Ces travailleurs d’ESAT ont relevé le défi avec prestance, en s’exprimant dans un haut lieu d’étude et de savoirs : un amphithéâtre accueillant des étudiants, des formateurs et un grand nombre d’associations invitées… Ils ont été efficaces, se sont exprimés clairement, ont suscité l’intérêt en posant des mots sur qui ils étaient, sur leur mission, sur ce qu’ils faisaient et pourquoi. Ils ont surpris par la pertinence de leurs réponses et par leur engagement… Mais pas seulement : en fin d’intervention, Julien a souhaité reprendre le micro. Avec beaucoup de sérieux et une voix « portant haut et fort », il a remercié l’assemblée et ajouté : « En tant que président du CVS… j’espère avec mes collègues que ce que nous vous avons expliqué, va vous apprendre à bien faire votre métier d’éducateur… plus tard… quand vous aurez votre diplôme. » Quelle surprise ! Y compris pour nous ! Le propos de Julien a fait mouche, touché, fait sourire et même rire l’assistance… Avec, toutefois, un changement de paradigme quant à la question du handicap, qui à ce moment-là ne pouvait absolument plus s’envisager sur le versant du déficit, mais plutôt du côté de l’altérité…
Avec une évolution des représentations autant pour les intervenants (des personnes en situation de handicap, actrices dans un dispositif d’enseignement) que pour les futurs travailleurs sociaux (dans une expérience en situation)…
Avec, en cet instant T, un espace singulier dans lequel pouvait se jouer l’acceptation de la dimension de l’être unique, différent, distinct dans son identité personnelle et sociale : une personne censée être bénéficiaire de l’action des travailleurs sociaux avait collaboré activement à l’exercice de leur démarche formative en ne se laissant pas enfermer dans (ou par) le handicap et la fragilité, en renvoyant l’Autre à sa propre vulnérabilité (un métier à apprendre… un futur diplôme à valider). Dans un rapport de sujet à sujet sur lequel doivent en principe reposer nos métiers et nos pratiques. Plus de deux ans après : au retour d’une prestation dans le cadre d’une activité de production de l’ESAT sur lequel Julien travaille il nous fait savoir qu’une « femme l’a reconnu » (…) « Elle est venue lui parler de quand il avait expliqué le CVS avec ses collègues à l’école d’éducateurs » (…) « À ce moment-là, elle faisait ses études » (…) « Maintenant, elle travaille sur la maison de retraite (4) ». Il exprime avec ses mots une très grande satisfaction car celle-ci lui aurait dit que cette intervention « lui avait appris beaucoup de choses pour son métier ». Avec le sentiment d’avoir eu une parole qui a compté, qui a eu de la valeur, Julien a raison d’être fier ! Pourrions-nous alors conclure en relevant qu’accompagnant, accompagné, peuvent devenir deux individus capables de créer dans une relation d’altérité féconde, respectueuse des différences, dans un positionnement d’acteurs responsables ?
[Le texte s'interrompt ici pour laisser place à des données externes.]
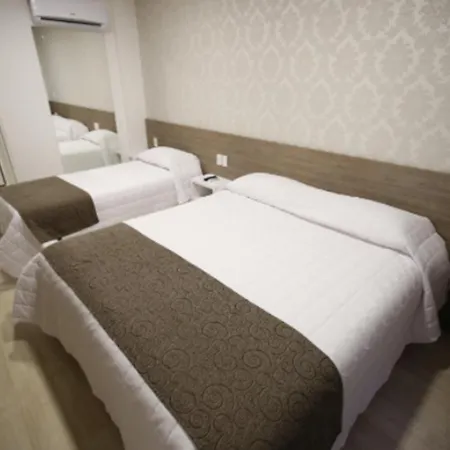Holiday&Business Hotel - Em frente ao Centro de Eventos e Arena Conda-3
(1) Si 3 travailleurs sociaux ont plus particulièrement soutenu ces élus pour la préparation de leur intervention, la question des droits et de l’altérité correspond à une démarche développée dans leurs services respectifs (un ESAT un Foyer d’hébergement et un Service d’accompagnement à la vie sociale avec un Conseil de vie sociale commun), afin de développer participation, citoyenneté, inclusion qui, selon G. ZRIBI « implique un processus humain, psychologique, social et matériel, dans lequel, des choix réels de vie, la fluidité et l’ouverture des champs (d’éducation, de vie, de travail…), la normalisation de l’existence, les apprentissages pratiques et les liens socio-relationnels sont conjugués pour proposer un continuum de solutions adaptées, plurielles, évolutives ». (Lien social, Juin 2019, pp. 32-33).
(2) Le prénom est anonymisé.
(3) Julien a pu et su dynamiser un groupe d’élus qui s’est saisi des pistes proposées en une formation, pour améliorer le fonctionnement et la dynamique du CVS et de l’établissement. Pour assurer son mandat, il a également fait le choix d’effectuer une autre formation de type « expression en public » pour améliorer ses savoir-faire.
(4) Une équipe de l’ESAT intervient 5 matinées par semaine dans un EHPAD pour faire le ménage dans les chambres et studios des personnes âgées accueillies.